A socialização dos custos e dos riscos, com a privatização dos lucros, é uma característica básica da economia capitalista

O fascismo foi derrubado, o bolchevismo foi derrubado e o corporativismo também pode ser.

Grande parte da economia que se diz capitalista depende profundamente de um setor estatal dinâmico no que se refere à inovação, ao desenvolvimento e outras formas de socialização de riscos e custos.

As raízes da crise atual foram plantadas na década de 70, com o fracasso do sistema de Bretton Woods, no pós guerra, com a financeirização da economia e a movimentação contra qualquer regulamentação, baseadas em dogmas quase religiosos, a respeito da "eficiência dos mercados".

Transações não levaram em conta as consequências. No caso das grandes financeiras, isso levou a um grande menosprezo pelos riscos - o risco sistêmico foi ignorado.

Desde o fim do sistema de Bretton Woods houve repetidas crises financeiras, mas elas se deram em países pobres e portanto não importavam, na verdade ofereciam às corporações americanas uma chance de adquirir ativos a preços baixos.

A crise atual é importante porque afeta os ricos e os poderosos e é muito difícil de estancar. Ninguém conhece a profundidade da crise.

E ninguém que conheça história econômica se surpreenderá com o fato de que as medidas que estão sendo tomadas pelos ricos para resolver o problema de suas próprias crises são o oposto das ditadas aos pobres quando estes enfrentavam uma crise.

Operações de ajuda são muito comuns, não apenas no sistema financeiro, mas também no industrial. As novidades de hoje se devem apenas à escala do desastre.

A alternativa a uma política que faz o público subsidiar os ricos e poderosos seria a democratização da sociedade e da economia.

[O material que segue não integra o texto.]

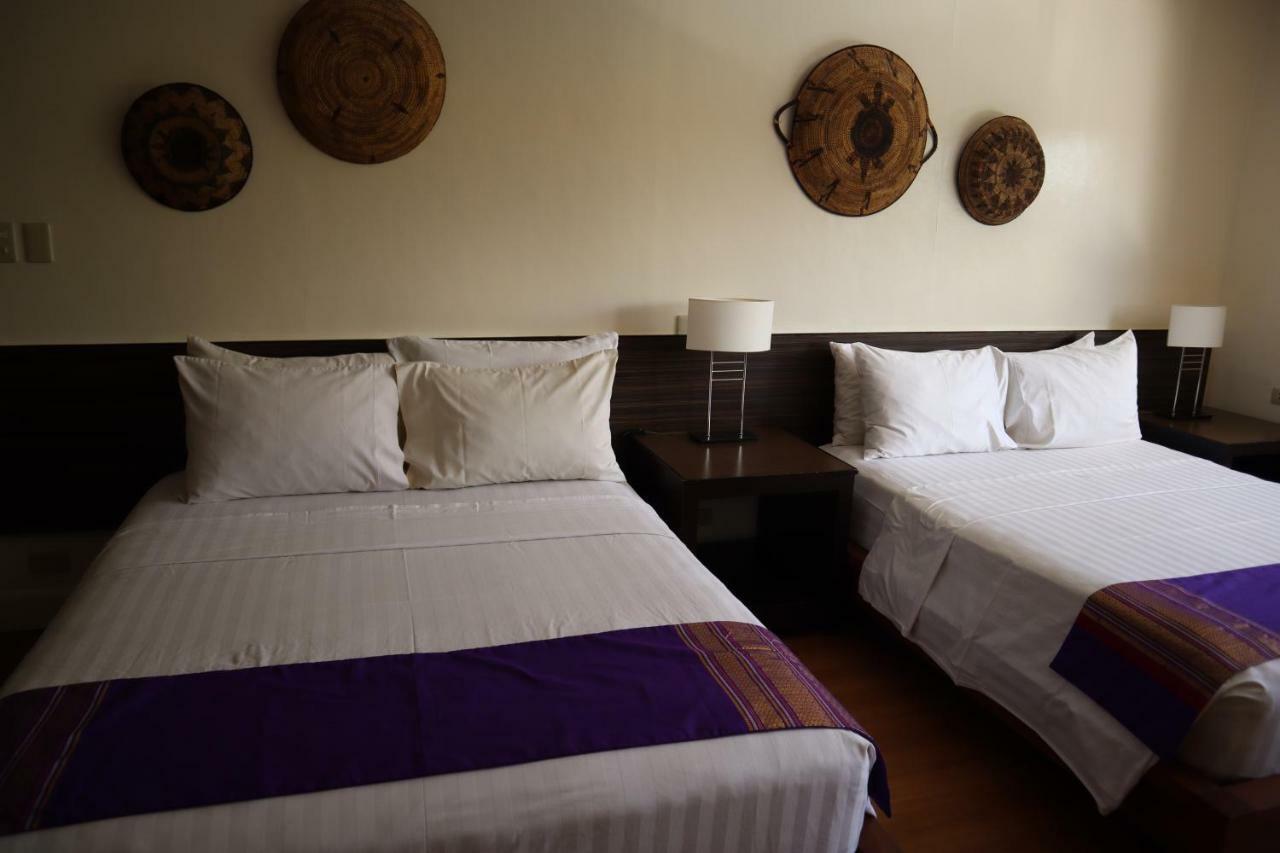 Domicilio Lorenzo Davao City Buitenkant foto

Mas isso exigiria uma ampla compreesão do público e um ativismo que hoje é escassamente visível no mundo.

Ignacy Sachs - economista

Agora atravessamos um momento histórico. Em 80 anos, a humanidade foi chamada três vezes a se debruçar sobre a equação qual Estado para qual modelo de desenvolvimento. A primeira vez foi a partir da crise de 1929. Tivemos como resultado o socialismo, o nazismo, o New Deal rooseveltiano.

A segunda ocasião aconteceu no fim da II Guerra. Naquele momento formou-se um consenso em torno de três idéias-força: um Estado pró-ativo no campo econômico e social, o pleno emprego como objetivo e valorização do planejamento, pilares de sustentação do welfare-state, o estado de bem-estar e previdência, como formulou Keynes.

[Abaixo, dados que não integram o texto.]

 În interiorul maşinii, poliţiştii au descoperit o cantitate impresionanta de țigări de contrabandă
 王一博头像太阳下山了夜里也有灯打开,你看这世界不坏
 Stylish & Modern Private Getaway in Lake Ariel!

O choque entre dois sistemas políticos levou o capitalismo a se reformar, especialmente pela ascenção do socialismo.

Ou seja, o sistema entrou numa fase de crescimento rápido, impulsionado pelos processos de reconstrução abertos com o fim da guerra, pelo Plano Marchall, isso entre 45 e 75. O que marca a mudança de paradigma nos anos 70? O desencanto com o socialismo.

Francis Fukuyama - economista e filósofo

Acabou o movimento que há 30 anos prega a não-intervenção no mercado. Agora começa uma nova fase com mais intervenções do Estado.

O que acho interessante nesta crise é que desta vez foi o mal gerenciamento nos EUA que a alavancou. Eu fiquei muito surpreso e não poderia imaginar que Wall Street sofreria esse colapso total.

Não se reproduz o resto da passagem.